Given records below:

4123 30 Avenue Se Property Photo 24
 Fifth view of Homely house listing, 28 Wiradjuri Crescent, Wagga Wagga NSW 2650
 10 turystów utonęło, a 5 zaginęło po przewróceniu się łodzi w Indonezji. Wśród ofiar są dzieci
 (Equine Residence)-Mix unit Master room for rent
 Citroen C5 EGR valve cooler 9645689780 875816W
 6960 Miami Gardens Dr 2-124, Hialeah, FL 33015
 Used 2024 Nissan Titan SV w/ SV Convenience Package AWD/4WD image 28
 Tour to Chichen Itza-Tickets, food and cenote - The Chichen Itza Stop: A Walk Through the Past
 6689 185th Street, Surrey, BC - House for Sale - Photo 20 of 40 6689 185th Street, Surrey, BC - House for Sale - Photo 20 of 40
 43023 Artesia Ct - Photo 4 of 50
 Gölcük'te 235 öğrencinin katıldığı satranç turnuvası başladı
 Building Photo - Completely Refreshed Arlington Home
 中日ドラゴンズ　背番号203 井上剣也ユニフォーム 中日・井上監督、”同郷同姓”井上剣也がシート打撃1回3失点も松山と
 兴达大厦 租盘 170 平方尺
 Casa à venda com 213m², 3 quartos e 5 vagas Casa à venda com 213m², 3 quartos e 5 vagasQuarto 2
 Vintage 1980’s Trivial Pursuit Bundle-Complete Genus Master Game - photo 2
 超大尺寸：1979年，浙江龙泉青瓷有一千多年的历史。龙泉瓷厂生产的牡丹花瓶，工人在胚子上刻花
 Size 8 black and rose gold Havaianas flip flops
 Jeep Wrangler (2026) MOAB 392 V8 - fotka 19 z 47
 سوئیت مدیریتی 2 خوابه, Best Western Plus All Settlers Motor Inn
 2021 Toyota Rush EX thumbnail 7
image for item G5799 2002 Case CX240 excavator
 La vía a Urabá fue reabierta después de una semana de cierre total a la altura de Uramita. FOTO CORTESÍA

End of Given records.

#### [Your task]
Above this instruction are the records; retype exactly the lines from the one containing "43023 Artesia Ct - Photo 4 of 50" up to and including the one containing "2021 Toyota Rush EX thumbnail 7".

#### [Written solution]
 43023 Artesia Ct - Photo 4 of 50
 Gölcük'te 235 öğrencinin katıldığı satranç turnuvası başladı
 Building Photo - Completely Refreshed Arlington Home
 中日ドラゴンズ　背番号203 井上剣也ユニフォーム 中日・井上監督、”同郷同姓”井上剣也がシート打撃1回3失点も松山と
 兴达大厦 租盘 170 平方尺
 Casa à venda com 213m², 3 quartos e 5 vagas Casa à venda com 213m², 3 quartos e 5 vagasQuarto 2
 Vintage 1980’s Trivial Pursuit Bundle-Complete Genus Master Game - photo 2
 超大尺寸：1979年，浙江龙泉青瓷有一千多年的历史。龙泉瓷厂生产的牡丹花瓶，工人在胚子上刻花
 Size 8 black and rose gold Havaianas flip flops
 Jeep Wrangler (2026) MOAB 392 V8 - fotka 19 z 47
 سوئیت مدیریتی 2 خوابه, Best Western Plus All Settlers Motor Inn
 2021 Toyota Rush EX thumbnail 7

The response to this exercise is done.